Je ne vais pas montrer des chiffres mais en tout cas il est certain que Pilet-Golaz s’est engagé dans l’aide humanitaire.

Sur le forum Livres de guerre, j’ai pu constater en débattant avec un historien français, que l’on avait répandu l’idée que Pilet-Golaz était au fond le Pétain suisse. Une chose est sûre en tout cas, c’est que ceux qui ont propagé cette idée, ont une piètre connaissance de cette histoire. Démonstration. Pétain a perdu le reste d’honorabilité en promulguant sa loi anti-juive, une parfaite monstruosité nazie. Lorsque Carl Lutz, à Budapest s’est mis en tête de sauver le maximum de Juifs, il était sous les ordres de l’ambassadeur Jaeger, lequel ambassadeur a continuellement soutenu Lutz. Si P-G avait eu le même comportement que Pétain, croyez-vous alors qu’un ambassadeur protégeant les Juifs aurait été nommé ? La réponse est non. Pour rappel l’action de Carl Lutz a permis de sauver quelques 100'000 Juifs selon l’affirmation de Simon Wiesenthal  qui a préfacé le livre de Theo Tschuy : "Diplomatie dangereuse".
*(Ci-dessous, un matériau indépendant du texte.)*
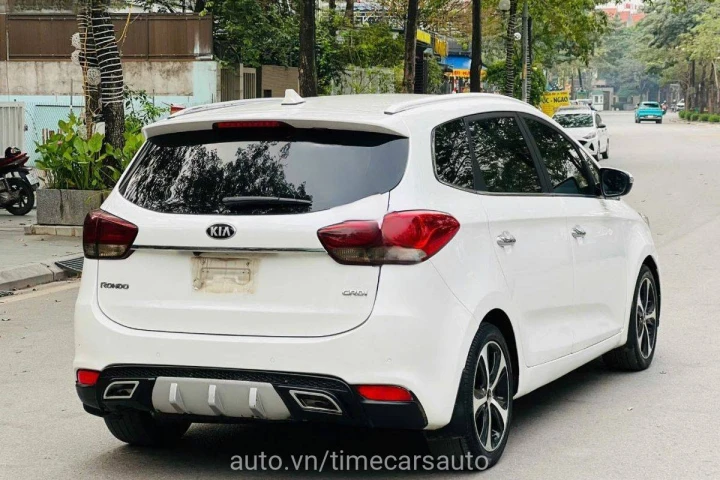 Kia Rondo 2014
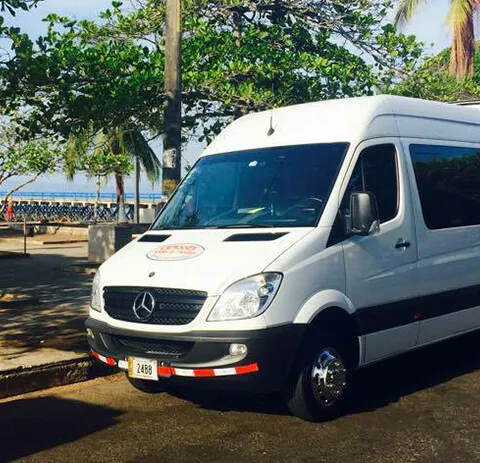 Alajuela to Playa Hermosa (Santa Teresa) - Shared Shuttle Service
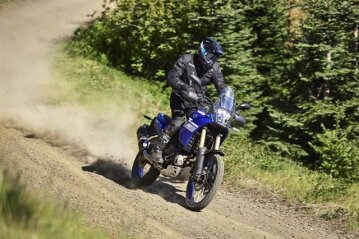 New 2024 Yamaha Tenere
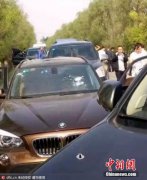 惊！山西大同亿元绑架 活脱脱美式警匪片进行时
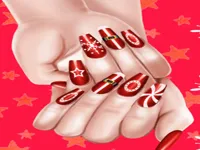 Christmas Fashion Nail Salon image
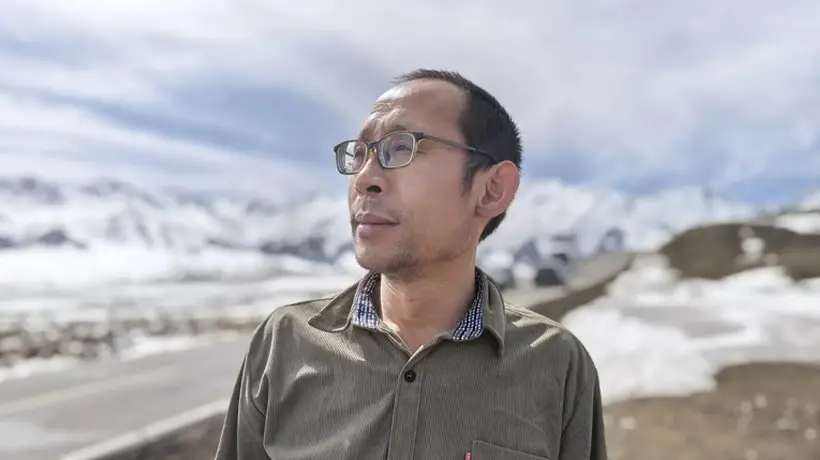 鲁奖诗人张二棍来分享创作心路 带领读者在纸上拓印卑微生命的专属痕迹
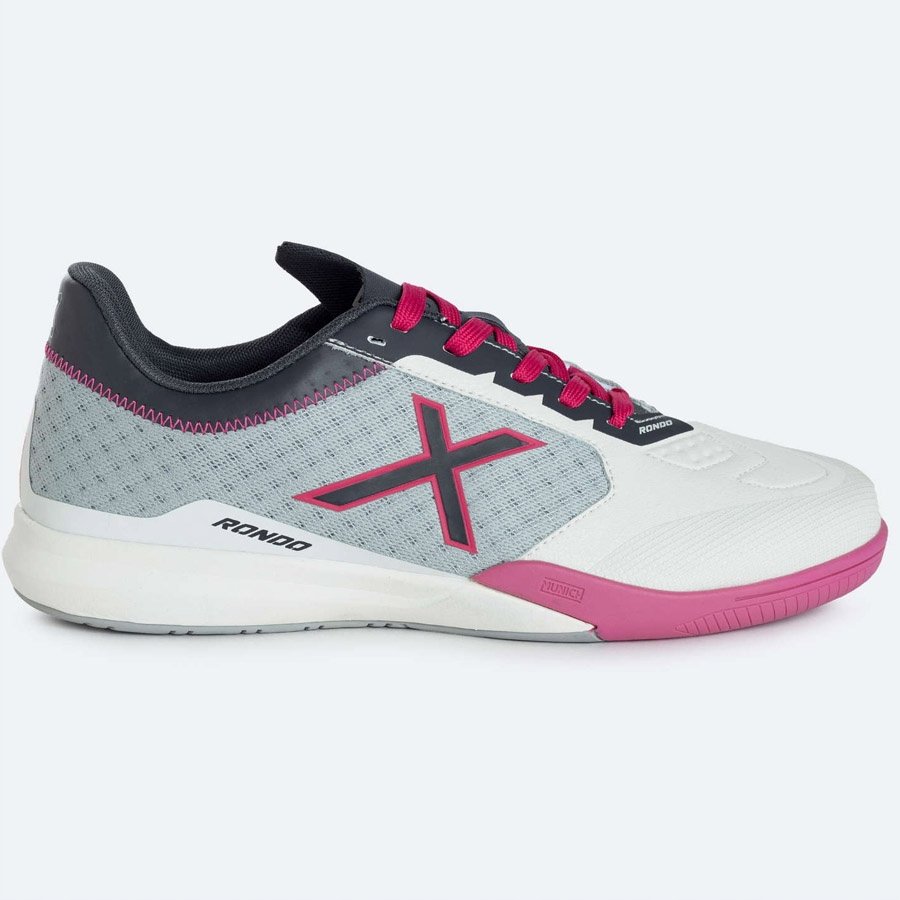 Buty Munich Rondo IN 4770004 biały 43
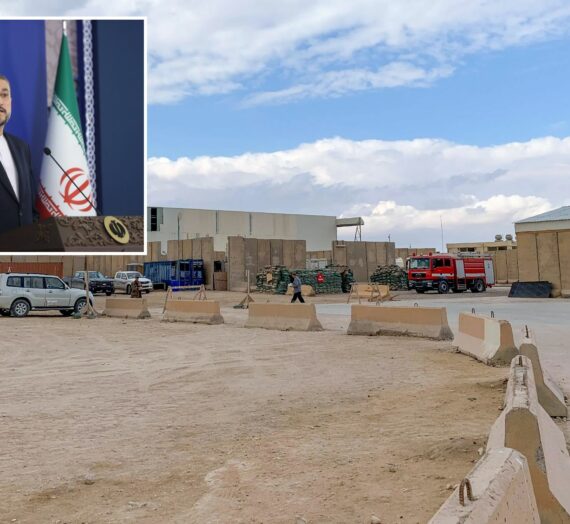La Maison Blanche affirme que l’Iran « facilite activement » certaines attaques contre des bases militaires américaines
Mais ce n’est pas tout, Lutz, pour loger ces Juifs, a acheté plus de 70 maisons, avec quel argent ? Je ne le sais pas et pourquoi ? Parce qu’en Suisse les historiens n’ont pas suffisamment étudié Pilet-Golaz, la preuve c’est qu’il n’existe aucune biographie. On sait que les Britanniques, qui avec les Etats-Unis, ont remis leur ambassade à la Suisse, lui ont demandé  d’intervenir en faveur des Juifs de Hongrie. On n’en sait guère plus.

On ne parle aussi guère de l’engagement de la Suisse en tant que "Puissance protectrice"auprès de très nombreux pays et qui exigea d’énormes efforts.

43 Etats – totalisant 1,6 milliards d’habitants, soit les 4/5 de la population totale du globe – demandèrent à la Suisse, durant la Deuxième Guerre mondiale, à la Suisse de prendre en charge leurs intérêts, les diplomates helvétiques assumant un total de 219 mandats. - (Jean-Jacques Langendorf - "La Suisse dans les tempêtes du XXè siècle"  p. 166).

L’activité de Puissance protectrice consiste essentiellement à protéger des personnes ennemies dans un pays ennemis par exemple des citoyens allemands aux Etats-Unis. Aussi à effectuer des rapatriements de personnes ou de prisonniers. Il y a tout de même le rapport Bonjour qui en parle et à propos de ce rapport on se demande aussi pourquoi il n’est pas sur Internet !

Le CICR a également passé au moulin de la critique, ce qui a occulté totalement scandaleusement les actions souvent héroïques des délégués. Beaucoup, beaucoup de vies ont été sauvées grâce au CICR à commencer par le ravitaillement des prisonniers de guerre qui témoignent que sans cet apport ils auraient difficilement survécu.

La principale critique concerne bien sûr son attitude face à l’Holocauste et la non assistance des Juifs dans les camps de concentration. Ah ! Le CICR aurait dû dénoncer l’Holocauste puisqu’il en avait connaissance; comme le gouvernement suisse et comme les Alliés, donc à qui d’autres le communiquer ? Aux pays occupés ? Aux autres Neutres ?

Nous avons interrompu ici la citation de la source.